Leave Yourself Alone, a three-time award-winning first feature debut by Nicole Eckenroad, comes to Digital HD October 9th. Eckenroad throws herself in the center of her carefully crafted narrative about a young tormented Hollywood actress followed by a pair of documentary filmmakers as she loses control of herself in method acting.
In May 2006 a 19-year-old Hollywood actress moves to Philadelphia to escape her bad reputation and restart her acting career. A pair of documentary filmmakers follows her to an undefined end as she experiments with Meisner technique, taking on the characteristics and behaviors of the characters she plays more often than her own. After losing countless roles to A-list talent, Nicole commits recklessly to a leading role in a story too close to her own and spirals into the abyss of her darkest secret.

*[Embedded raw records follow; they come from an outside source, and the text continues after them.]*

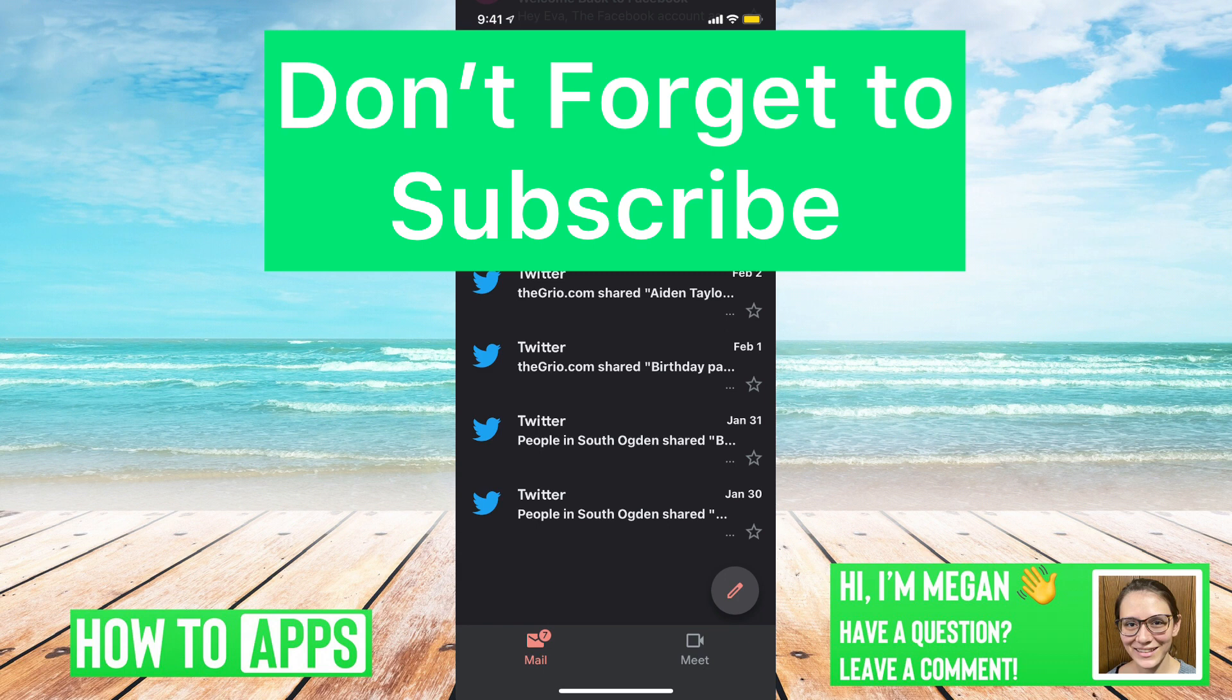Thank you for watching. If you have any questions about what I've done, leave them in the comments below. Don't forget to like and subscribe. Thank you.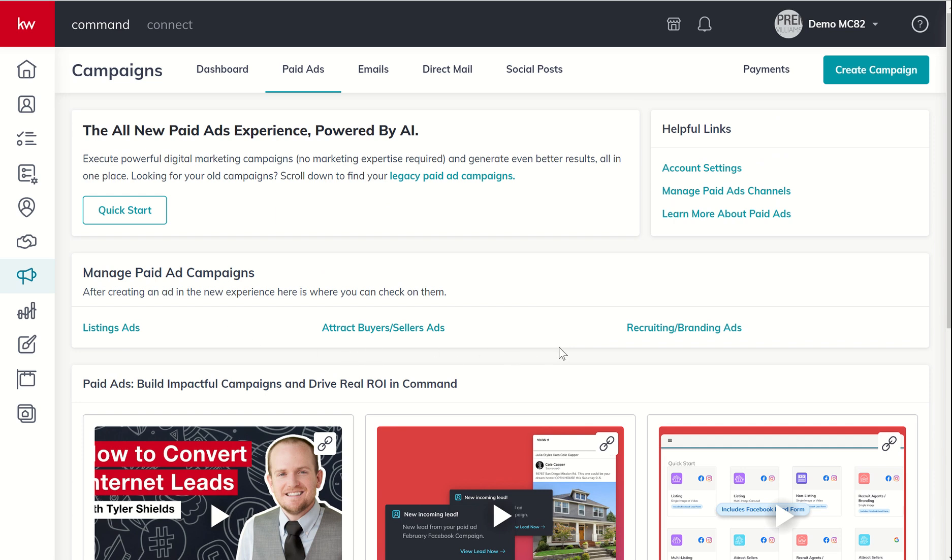In order to start running ads, there are two things we want to do before we dive into the actual paid ad builder. That is one, connect a credit card, because we do have to pay for these ads. And two, connect a Facebook page, because we've got to run those off of a business page, not just our personal profile.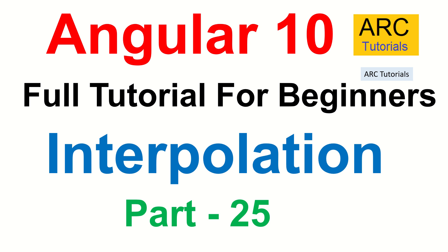Hi friends, welcome back to ARK Tutorials. This is Angular 10 full tutorial series for absolute beginners.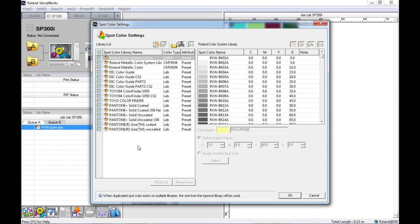If you leave the select box ticked and any of these spot colors are used within the artwork imported into VersaWorks, VersaWorks will recognize those spot colors and make the conversions necessary. We can also choose, should you wish to change the settings or replace certain spot colors. We'll look at how that's possible now.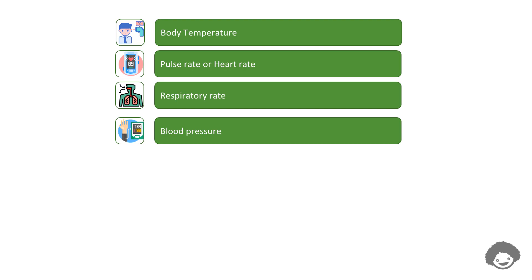Each time the heart beats, it pumps blood into the arteries, resulting in the highest blood pressure as the heart contracts. When the heart relaxes, the blood pressure falls.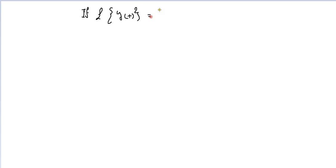Hi and welcome everyone, hope you're doing well. We're continuing our series on Laplace transforms. In this video, we'll discuss the following: if Laplace of Y(t) equals Y(s) — this is a very important condition you need to state before answering any question.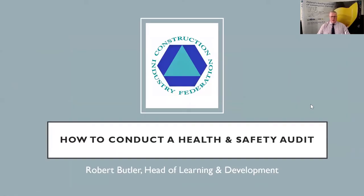Good morning, welcome to the webinar covering safety audits on site. My name is Robert Butler, I'm the head of CIF training and I'm here this morning to give you a short 15-20 minute presentation on site audits. Basically what we're going to cover in this webinar is how to conduct a safety audit and get the maximum benefits from the process.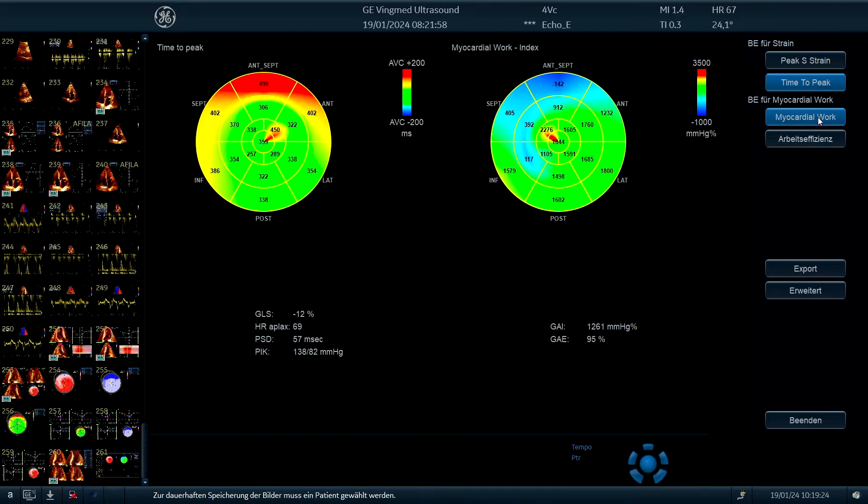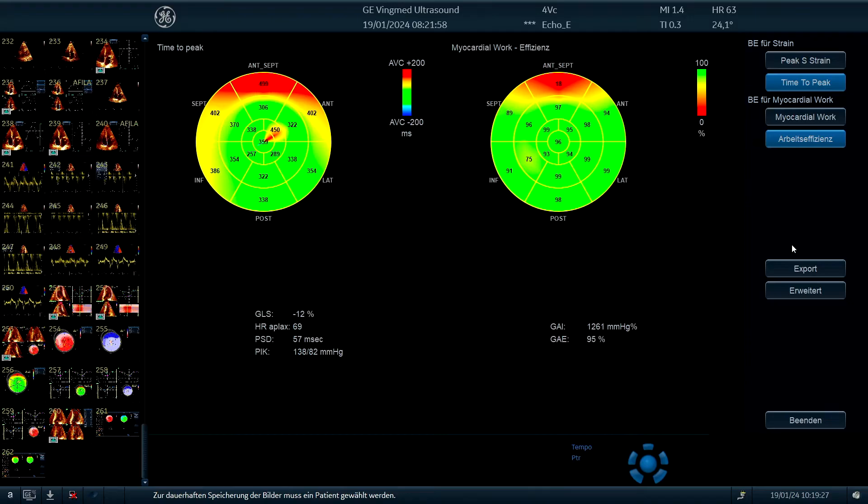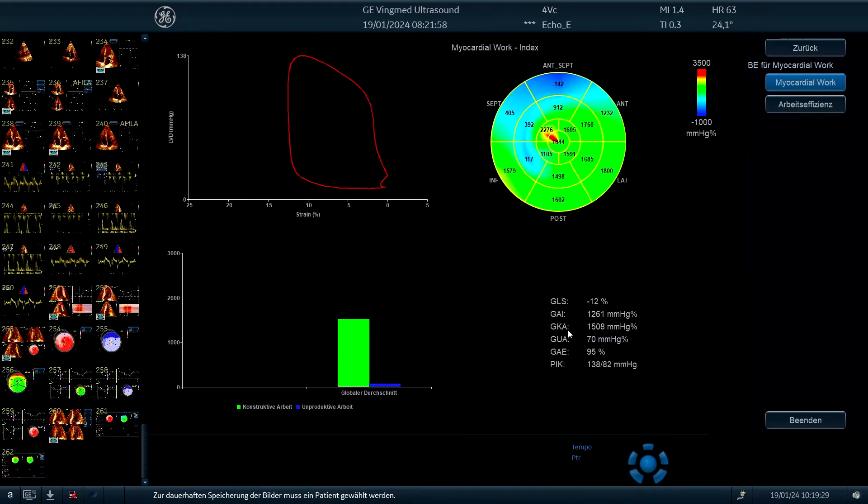and also how the heart is actually working. And we see several measurements, so here we have a global work index, it's reduced, not severely reduced, but reduced.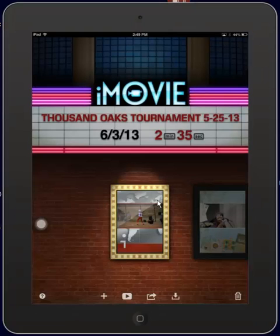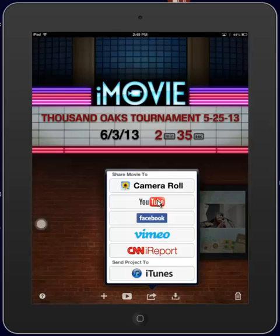There you can see in the marquee that we're going to upload Thousand Oaks Tournament 525-13. We'll tap on the share icon at the bottom and tap on YouTube.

Leave Yourself Alone is about performance and identity and depicts the lasting effect of a sexual assault on a young actress as two men film her struggle to land a break-out role. The film points a romantic gaze at a charming, innocent and naive young woman while the men behind the camera challenge the moral boundaries of keeping the camera rolling as she becomes emotionally and psychologically vulnerable. The film’s style convinces the viewer that fiction is fact and makes him consider his part as a voyeur on the victim.
“For me, this story relates very much to my experience and does for almost every woman I know,” Eckenroad states. “Our identity and behavior are a combination of societal pressures and the inequities and aggressions acted upon us. The film is admittedly rebellious and attempts to flip the experience back onto the aggressor. It manipulates the viewer’s perception to believe they are watching a true story, and you feel guilty watching this young person self-destruct as a result of a trauma that was inflicted upon her.”
About Nicole Eckenroad – Nicole’s works have been recognized for their thematic scope, boldness, and lingering impact. Leave Yourself Alone is Eckenroad’s first feature. She completed the film while working in the art department on films like The Bourne Legacy, Inside Llewyn Davis, and Trainwreck. She studied film at Temple University and her senior thesis film, The Apartment People, won the University’s Derek Freese Award for Best Film and Best Screenplay. In 2015, she was selected by Kathy Schulman, Stephanie Meyer, and Lionsgate to direct one of their seven original Twilight shorts, The Groundskeeper. She was honored at the Crystal and Lucy Awards as a Voice of the Future, and the film was presented at the ArcLight Hollywood followed by a Q&A with Stephanie Meyer. Nicole is currently in development of her second feature, Shade.